M. Jean-Michel Blanquer, ministre.  - J'espère trouver une approbation sur vos bancs.

La formation des professeurs est un autre levier essentiel. Aujourd'hui, elle est trop hétérogène. Ce n'est plus possible. Appliquons le principe d'égalité, en créant les Instituts nationaux supérieurs du professorat et de l'éducation (Inspé). Le changement de nom est important. C'est un cadre d'excellence, commun, proche de la recherche, qui est créé. Nos professeurs doivent avoir le droit à l'expérimentation. C'est la marque de notre confiance à l'égard des femmes et des hommes qui travaillent au plus près des réalités et de la diversité des territoires.

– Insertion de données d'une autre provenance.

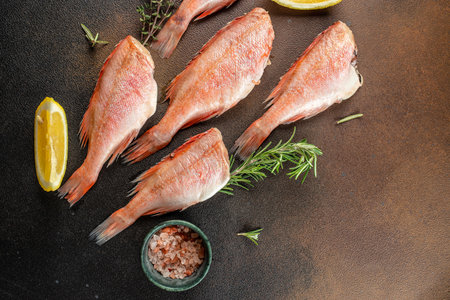 raw fish perch on a dark background. banner, menu, recipe place for text, top view,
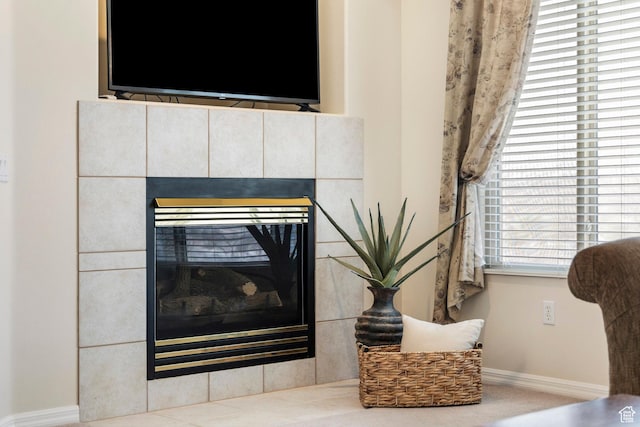 detailed view of baseboards and a tiled fireplace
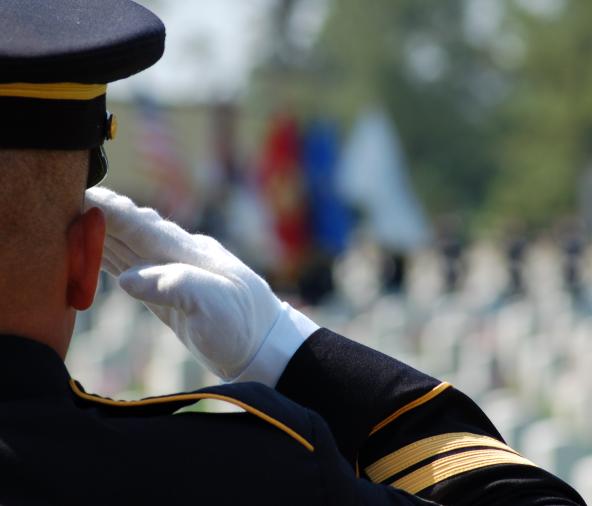 American soldier in full dress uniform saluting fallen soldiers.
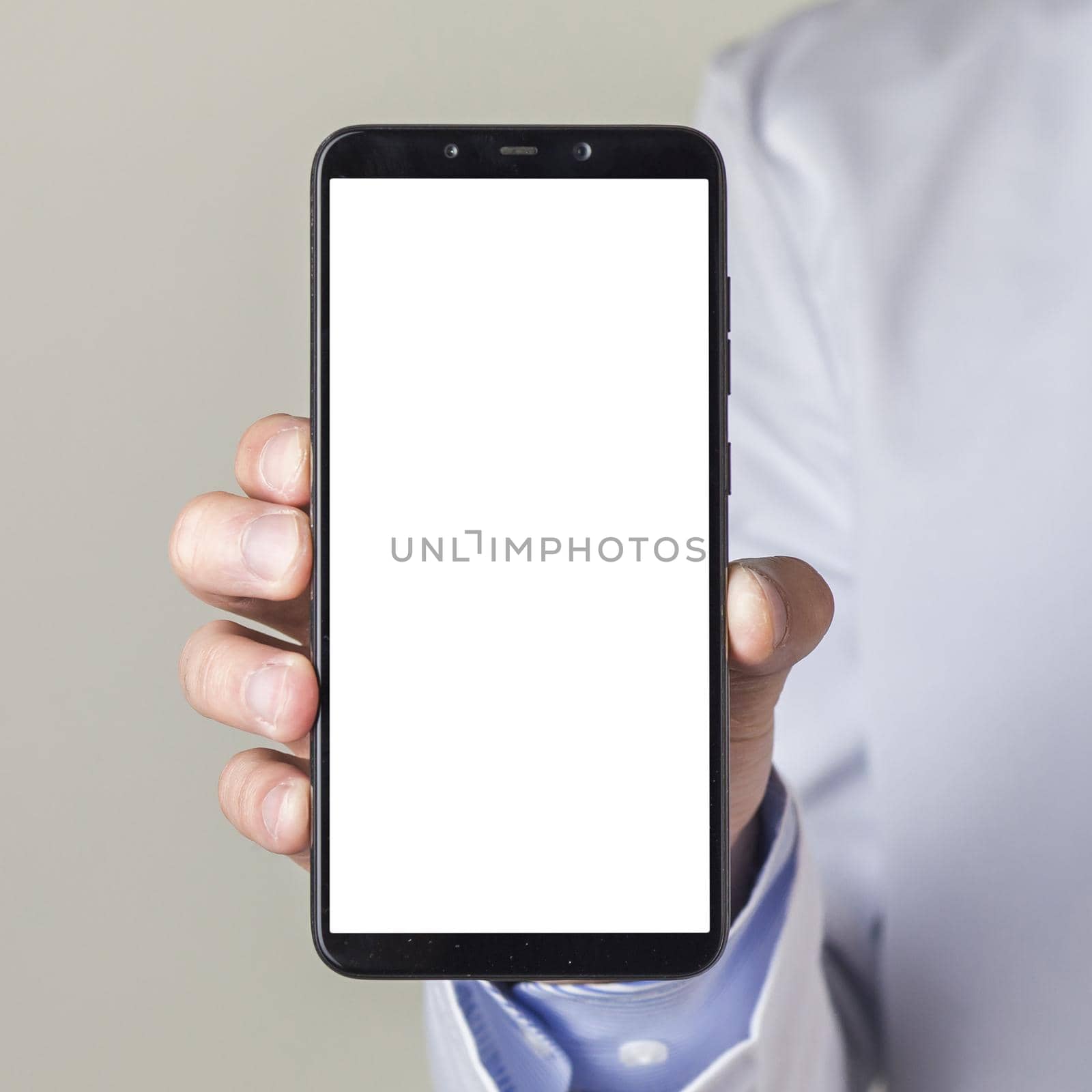 close up male doctor s hand showing smartphone with white screen display by Zahard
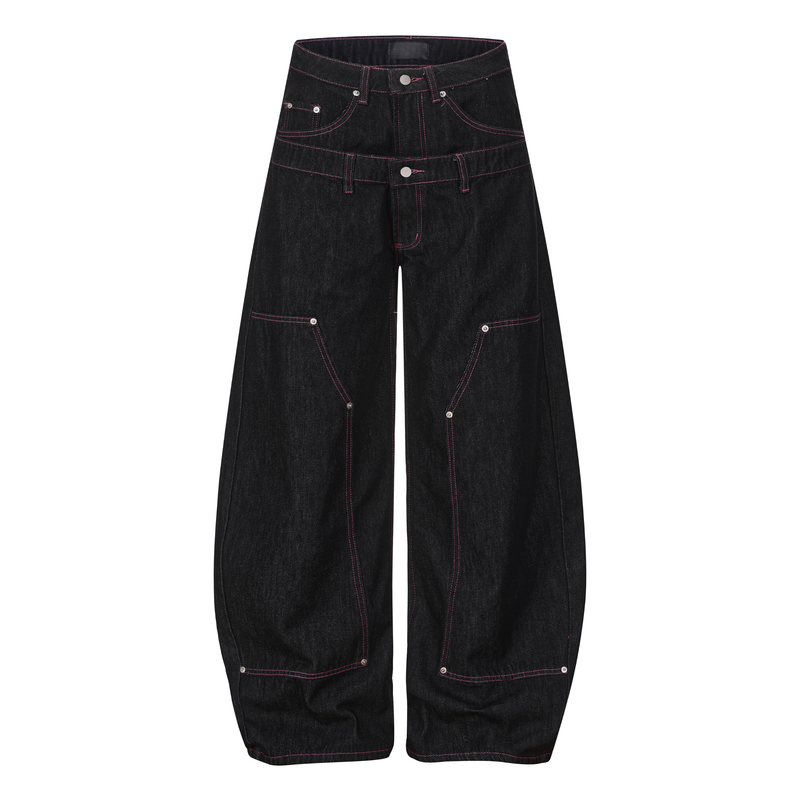 Front view of black wide-leg denim pants with pink contrast stitching and star details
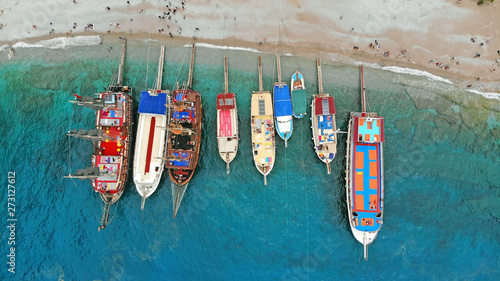 Boats in the sea, top view. Aerial view of colorful boats standing abreast on the shores of the Mediterranean sea in azure water. Tourists crowd are on the beach. Nautical background and summer travel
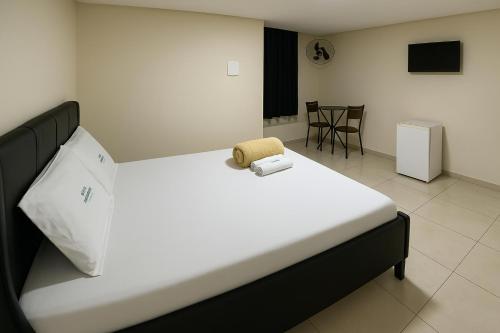 a bedroom with a large bed with a chair on it at Hotel Veneza in Brasília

Libérer, protéger, unir sont les clés de voûte de ce texte. Il n'y a pas d'expérimentation réussie sans évaluation. Nous approfondirons la culture de l'évaluation pour un système pionnier du XXIe siècle.

Nous aurons une vision complète grâce au Conseil d'évaluation de l'école (CÉÉ) L'autoévaluation responsabilisera tous les acteurs.

L'école demeure le visage de la République, celui du progrès et de l'avenir.

Nos élèves doivent maîtriser le français et les langues étrangères pour être de leur temps et de leur espace.

Aujourd'hui, l'enseignement international est souvent réservé aux familles privilégiées, dans des écoles privées. Nous allons l'ouvrir vers l'Europe et le monde. Ce sera complémentaire d'autres politiques européennes, comme les échanges Erasmus qui doivent se multiplier aussi bien pour les élèves que pour les professeurs.

Grâce à ce projet de loi, l'école de la République reste fidèle à sa mission ; c'est la maison commune de toute la jeunesse de France. Elle doit apporter à tous la même chance de réussir et la même envie de saisir cette chance.

Il revient à l'État d'assurer la protection de tous ses enfants. Si la liberté d'instruction est un droit fondamental, nous devons contrôler la qualité des enseignements qu'ils reçoivent.

Par ce texte nous faisons pleinement confiance aux territoires, nous devons les aider à expérimenter et à innover. Nous n'écarterons aucune organisation qui pourrait aider les territoires. Nous devons aider plus ceux qui ont besoin de plus : c'est ce que nous faisons pour l'éducation prioritaire, pour l'école rurale et pour l'outre-mer. Un rectorat de plein exercice sera ainsi créé à Mayotte qui a tant besoin du soutien de la communauté nationale.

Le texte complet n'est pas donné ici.